Kanō Jigorō (嘉納 治五郎?, 28 October 1860 – 4 May 1938) was a Japanese educator and athlete, the founder of Judo. Judo was the first Japanese martial art to gain widespread international recognition, and the first to become an official Olympic sport.Pedagogical innovations attributed to Kanō include the use of black and white belts, and the introduction of dan ranking to show the relative ranking among members of a martial art style. Well-known mottoes attributed to Kanō include "Maximum Efficiency with Minimum Effort" （精力善用 Sei-ryoku Zen-you）and "Mutual Welfare and Benefit"（自他共栄 Ji-ta Kyou-ei）.
In his professional life, Kanō was an educator. Important postings included serving as director of primary education for the Ministry of Education (文部省 Monbushō?) from 1898 to 1901, and as president of Tokyo Higher Normal School from 1901 until 1920. He played a key role in making judo and kendo part of the Japanese public school programs of the 1910s.
Kanō was also a pioneer of international sports. Accomplishments included being the first Asian member of the International Olympic Committee (IOC) (he served from 1909 until 1938); officially representing Japan at most Olympic Games held between 1912 and 1936; and serving as a leading spokesman for Japan's bid for the 1940 Olympic Games.
His official honors and decorations included the First Order of Merit and Grand Order of the Rising Sun and the Third Imperial Degree. Kanō was inducted as the first member of the International Judo Federation (IJF) Hall of Fame on 14 May 1999.
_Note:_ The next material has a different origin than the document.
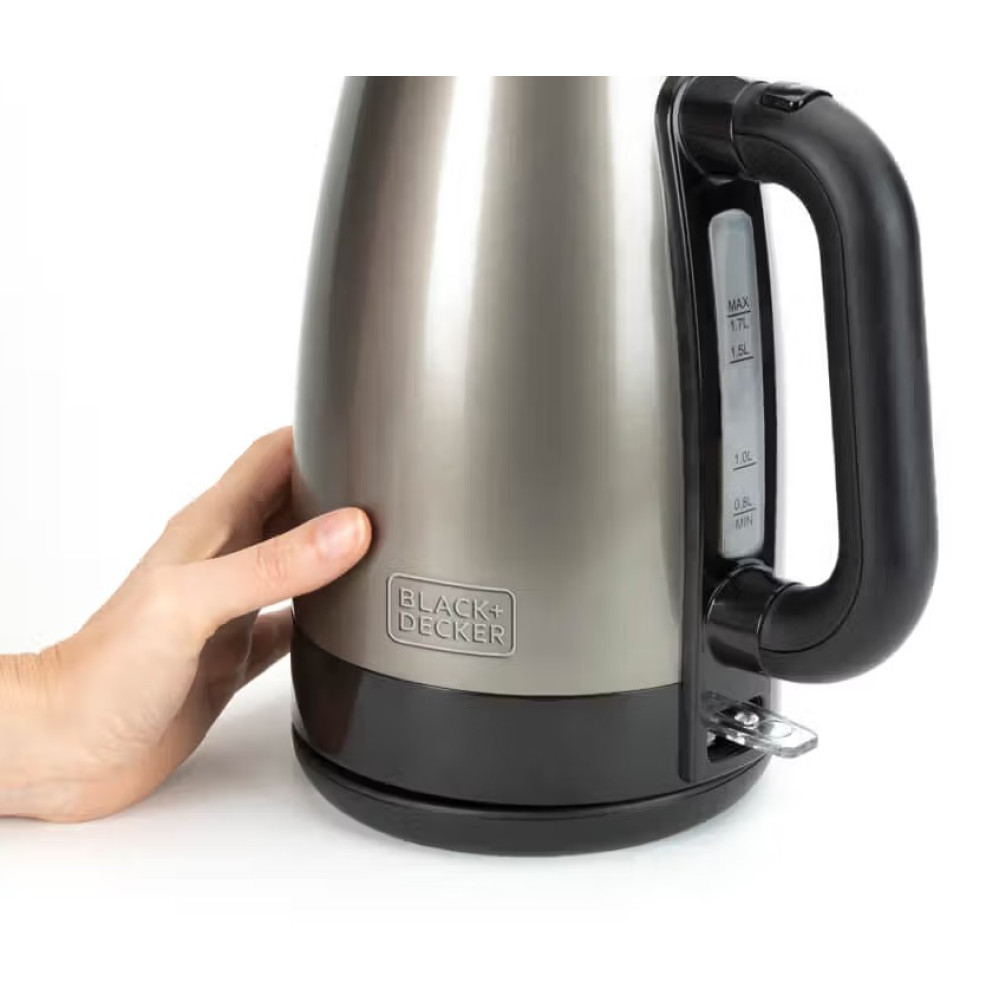 Електрочайник Black&Decker BXKE2201E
During the early 1880s, there was no clear separation between the jūjutsu that Kanō was teaching and the jūjutsu that his teachers had taught in the past. Kanō's Kitō-ryū teacher, Iikubo Tsunetoshi, came to Kanō's classes two or three times a week to support Kanō's teaching. Eventually student and master began to exchange places, and Kanō began to defeat Iikubo during randori:
“Usually it had been him that threw me. Now, instead of being thrown, I was throwing him with increasing regularity. I could do this despite the fact that he was of the Kito-ryu school and was especially adept at throwing techniques. This apparently surprised him, and he was quite upset over it for quite a while. What I had done was quite unusual. But it was the result of my study of how to break the posture of the opponent. It was true that I had been studying the problem for quite some time, together with that of reading the opponent's motion. But it was here that I first tried to apply thoroughly the principle of breaking the opponent's posture before moving in for the throw...
I told Mr. Iikubo about this, explaining that the throw should be applied after one has broken the opponent's posture. Then he said to me: "This is right. I am afraid I have nothing more to teach you."Soon afterward, I was initiated in the mystery of Kito-ryu jiujitsu and received all his books and manuscripts of the school.